Screeching toward the end of the week…
NR's Phi Beta Cons blog provides a post headlined
noting a higher
education trendlet: students searching for, and universities offering,
"esoteric and niche
fields" of study. Second paragraph:
Well, [students] won’t have to look far for such programs. From “Adventure Education” to a dual major in “EcoGastronomy”—yes it’s a program for environmentally-friendly eating—the list of highly-specific university programs has been growing in recent years. And while these disciplines may sound innovative and exciting, the reality checks that ivory tower over-specialization bump into may tell the story better.

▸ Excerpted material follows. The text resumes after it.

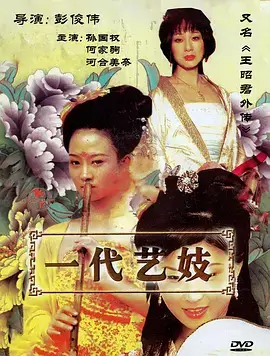银盐时代动画制作资讯图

I normally wouldn't quote that, but the second link in that paragraph goes back to the University Near Here. (The first link goes to another member of the University System of Near Here, Plymouth State University.)
It's so exciting to have one's employer served up as a Bad Example to a wide readership.
It's interesting what you can surmise from the results of Googling a word.
For example, when I Google "ecogastronomy",
what the results tell me is: "a made-up self-important word that's desperately
trying to sell itself to the rest of the world." Most of the top results
refer to UNH's program, indicating that the rest of the world
may not be that interested.
Pun Salad recently
examined the decision of the St. Louis Post-Dispatch
to remove the column of George F. Will, replacing it with that of
Michael Gerson. Gerson seems to be trying his best to convince
everyone that was a very bad idea, as in this
column bemoaning the expansion of legal weed and gambling. And
those pesky libertarians are part of the problem!
The ideological alliance behind these changes is among the strangest in U.S. politics. Libertarians seek to lift governmental restraints on consensual acts. State governments seek sources of revenue without the political inconvenience of requesting broad tax increases. Both find common ground in encouraging and exploiting the weaknesses and addictions of citizens. (And business interests and their lobbyists, of course, find new ways to profit from reliable vices.)
At best, Gerson has half an idea here: sin taxes bring in revenue that doesn't have to come from the average taxpayer. But the charge that libertarians want to encourage and exploit "the weaknesses and addictions of citizens" is thoughtless and baseless slander.
I wouldn't have found that on my own, having given up on Gerson long ago. But I do read Jacob Sullum and he offered up a quick rebuttal: "Michael Gerson Explains Why Libertarians Should Want to Ban Everything".
By Gerson's logic, a true libertarian would want to criminalize as much commercial activity as possible, the better to starve the beast. The less there is to tax, the smaller government will be, so when all peaceful transactions are banned, we will be living in a libertarian paradise.
A commenter to Sullum ("John") is also good: "Gerson is a curious breed of moron. It is not that there isn't an element of truth to what he says. It is that he takes that element and manages to derive epically stupid claims."